Pero de todos los problemas relativos a los hijos y su dependencia de la tecnología, quizás el más preocupante sea la irreflexión y la inacción de los padres, que se sienten incapaces de hacer frente a este torbellino que los impide ver lo que es realmente fundamental para sus familias y tomar cartas en el asunto.

¿Qué se puede hacer —preguntarán algunos— si vivimos en la era tecnológica?

En el sacramento del matrimonio, marido y esposa reciben la gracia de fundar un reino —su familia— donde serían una suerte de monarcas bajo la Autoridad Suprema de Dios, de Quien reciben todos los dones para engendrar y educar a los hijos según Sus Leyes y alcanzar su fin, que es la beatitud. Para que este reino alcance su esplendor no es necesario contemporizar con el mundo y sus modas impositivas.

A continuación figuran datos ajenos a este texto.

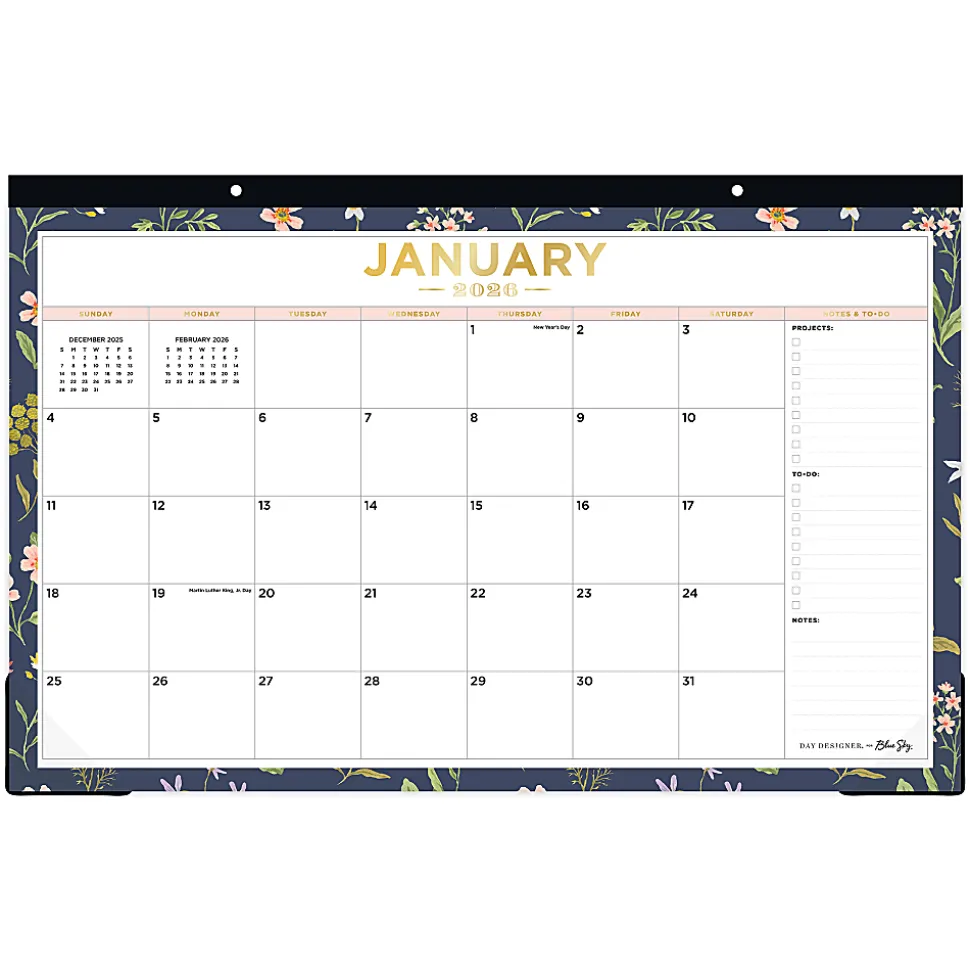 2026 Blue Sky Day Designer Monthly Desk Pad Planning Calendar, 17" x 11", Fresh Sprigs, January To December, 155648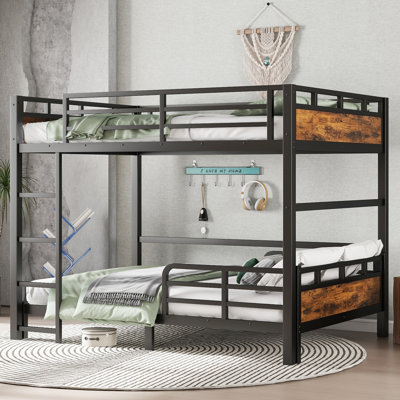 Lit superposé double TG sur lit double TG avec garde-corps surélevé - lit mezzanine en métal et lit plateforme, finition bois rétro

No hay que consentir como un hecho consumado el mal que la tecnología puede causar a los niños y jóvenes. Se puede ofrecer a los hijos múltiples oportunidades para educarlos en el asombro y en la contemplación de la realidad; en la compasión y en el compromiso por el bien de personas de carne y hueso; en la búsqueda y ejercicio de las virtudes cristianas; en la capacidad de escuchar y de dialogar; en la disposición de abrazar verdaderos, elevados y nobles ideales.

Marina Macintyre, Margaritas Hispánicas.